Sorry for not writing for a while; it's been exams season here at Harvard Law. Consequently, I've been dividing my time between studying diligently at the Hark, our law school commons, and trying to maintain a somewhat normal social life. So, in the past week, I've written a 25-page paper, taken an eight-hour exam and studied for another eight-hour exam (to be taken tomorrow), but I've also managed to go out drinking with a bunch of 1L's, go salsa dancing, and attend an office Christmas party (not my own)! Now that's what I call multitasking.
After recently spending an inordinate amount of time in the Hark, a place to which people come to both study and socialize, I have become acutely aware of my own particular issues with other people. The basic problem is the following: I hate being around other people who are studying because they either sit alone and make annoying noises, or else they sit with other people and make annoying noises, usually insisting on discussing their upcoming exam in excruciating detail. But I also hate being around people who are not studying, because they make even more annoying noises, and tend to have even louder, more distracting conversations about even stupider things. Yet, I can't be left alone in my own room to study, or I'll end up watching daytime TV and/or giving myself a pedicure, so I have to go somewhere public to get my study on. It's quite the dilemma.

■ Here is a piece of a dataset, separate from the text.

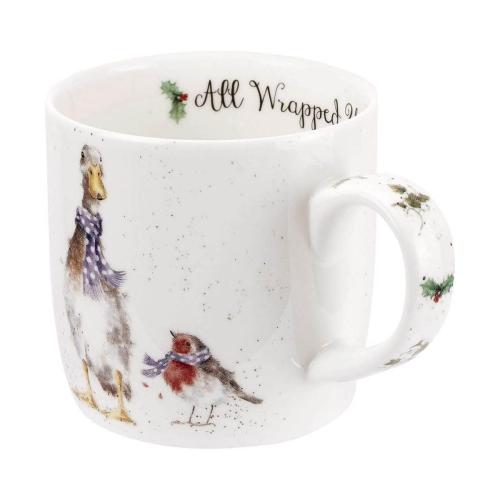 Wrendale Mugg All Wrapped Up 3dl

I'm not being unreasonable here, I assure you. First of all, according to a Cosmo "couple's quiz" I recently forced my boyfriend to take with me, I am a person whose dominant sense is hearing (while he is more of a "seeing" person). This means, according to the researchers at Cosmopolitan University (School of Pseudo-Science), that I get easily annoyed/distracted by noises around me and enjoy long, cloying conversations with my significant other. True and true!
This sensitivity to noise causes me a lot of angst when I am studying in the Hark. While it is quiet there, it's not quiet enough for me, and even the lowest voices carry. I mean, I can deal with low-level conversations going on near me, but I definitely can't deal with listening to any of the following, all of which I've had to endure this week:
1. Intense study group conversation involving a guy casually throwing out the phrase "seemingly thin veneer," as if the term "veneer" doesn't already imply "thin," and as if that pretentious "seemingly" was necessary.
2. A guy loudly snorting, sniffling and making other gross mucus sounds, continually, for like three hours.
3. Shrill cell-phone conversations about the stress of exams.
4. Over-analysis of the idea of "content discrimination."
5. Slurping sounds. WHY did the Hark need to start serving Asian noodle bowls?
6. Girls lamely flirting with the guy who works at the café/making annoying food orders. "That's skim, right? And a large chocolate chip cookie, please."
7. The laughter of children coming from the HLS skating rink.
It's been a rough week for me. I've gotten through it by heavily relying on Diet Coke, my headphones, and Swedish Fish. Thank God I am done tomorrow, and then I can take off for Christmas break. Almost there...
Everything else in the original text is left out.